**DATA EXTRACT:**
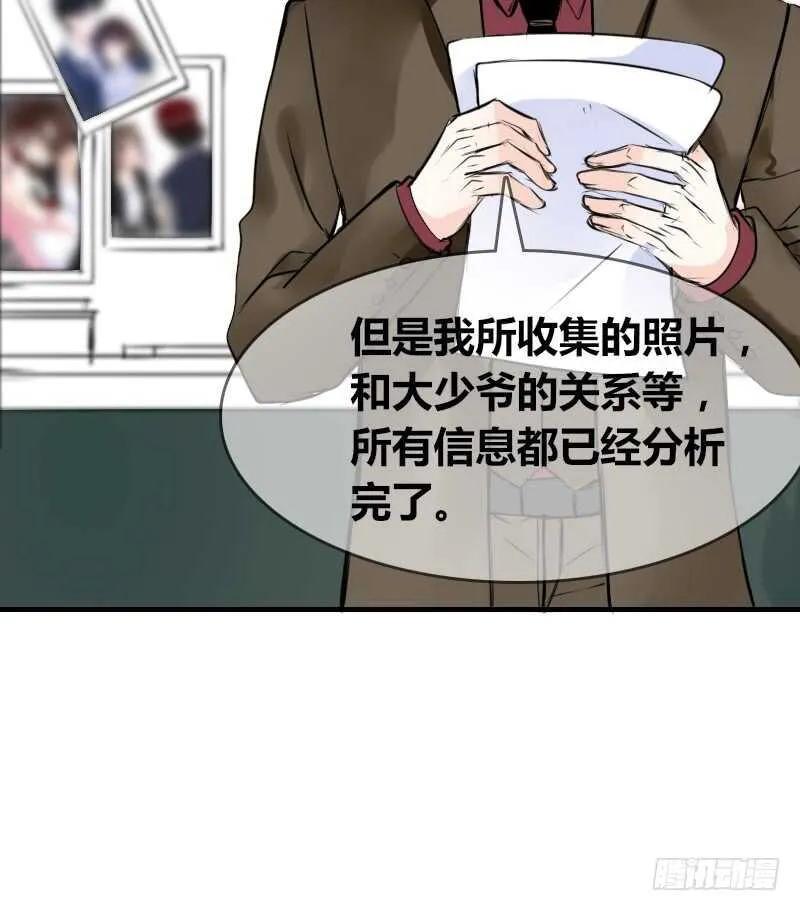 没有灵魂的外貌 第37页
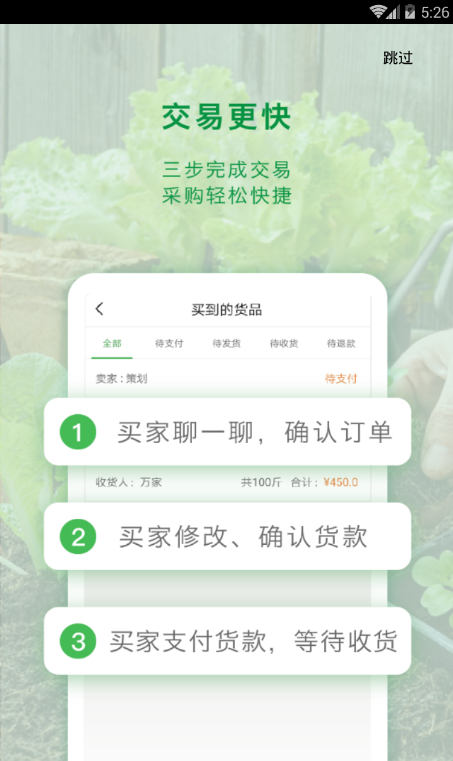 万家农批  v1.0.0图3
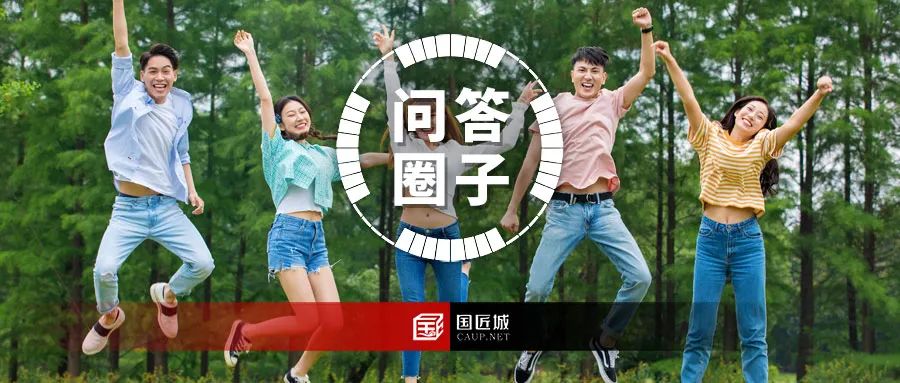 问答圈子：即可恢复和工程恢复都是可以划入基本农田的吗 ？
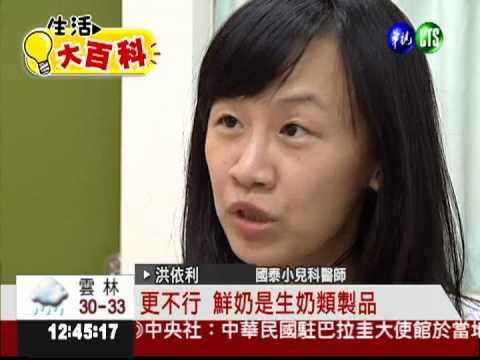 餵母奶好處多 擠不出母奶別亂餵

**WORK ORDER:** Output the listing unchanged, pictures excluded.

**OUTPUT OF THE EXERCISE:**
 没有灵魂的外貌 第37页
 万家农批  v1.0.0图3
 问答圈子：即可恢复和工程恢复都是可以划入基本农田的吗 ？
 餵母奶好處多 擠不出母奶別亂餵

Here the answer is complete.